Work required:
Starting at the line that contains "Tag Heuer FT6036", output each line exactly as written through the end of the listing below, but leave out the pictures.
----- Records -----
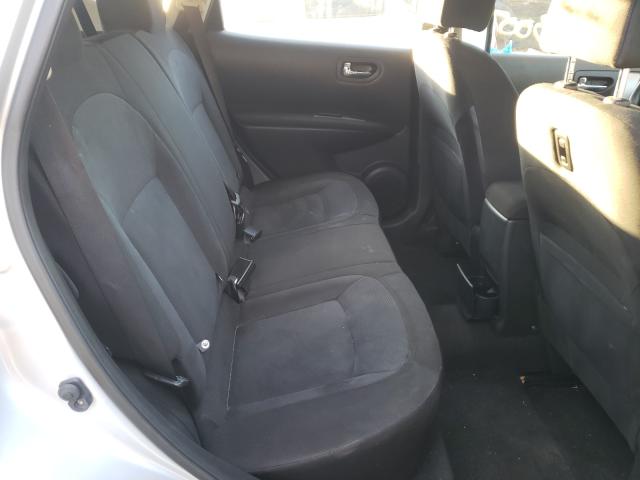 2014 NISSAN ROGUE SELE JN8AS5MT8EW601133
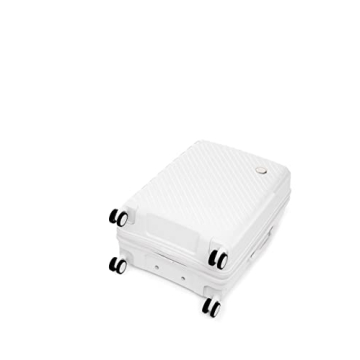 Rockland Prague Hardside Luggage - Stylish & Durable Travel Set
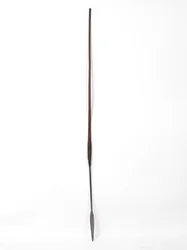 Zulu assegai tai keihäs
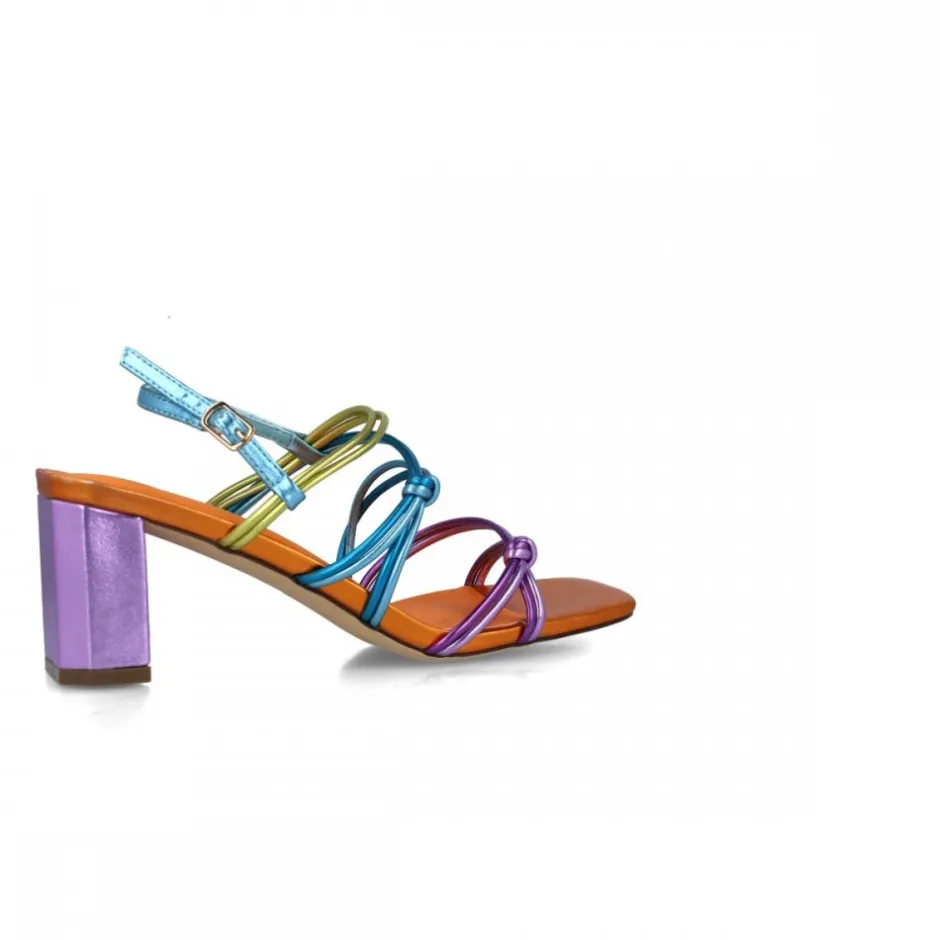 sandalia__prtula_multicol_2.webp Calzaro Zapatos De Tac贸n | Sandalia 24852 Pártula Multicolor.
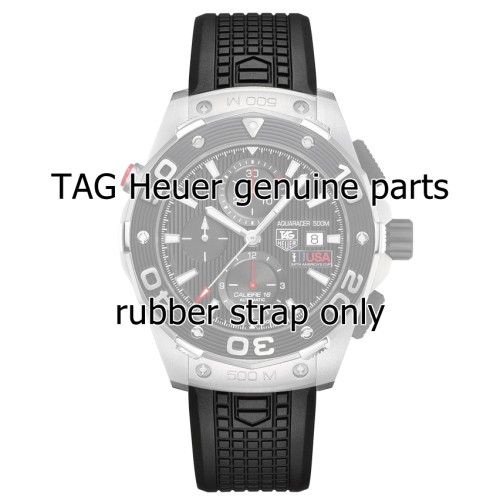 Tag Heuer FT6036 Aquaracer Cronografo 22/18 mm Team USA 34th America's Cup CAJ2111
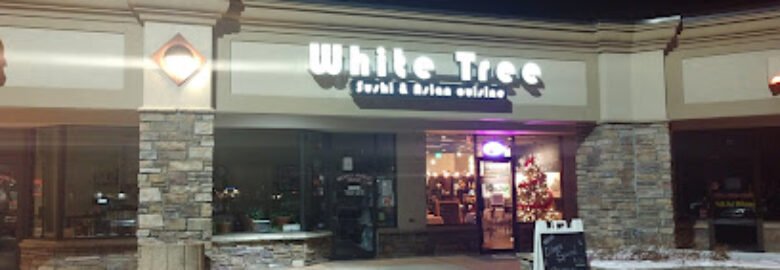 White Tree Sushi and Asian Cuisine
-----
Finished exercise:
 Tag Heuer FT6036 Aquaracer Cronografo 22/18 mm Team USA 34th America's Cup CAJ2111
 White Tree Sushi and Asian Cuisine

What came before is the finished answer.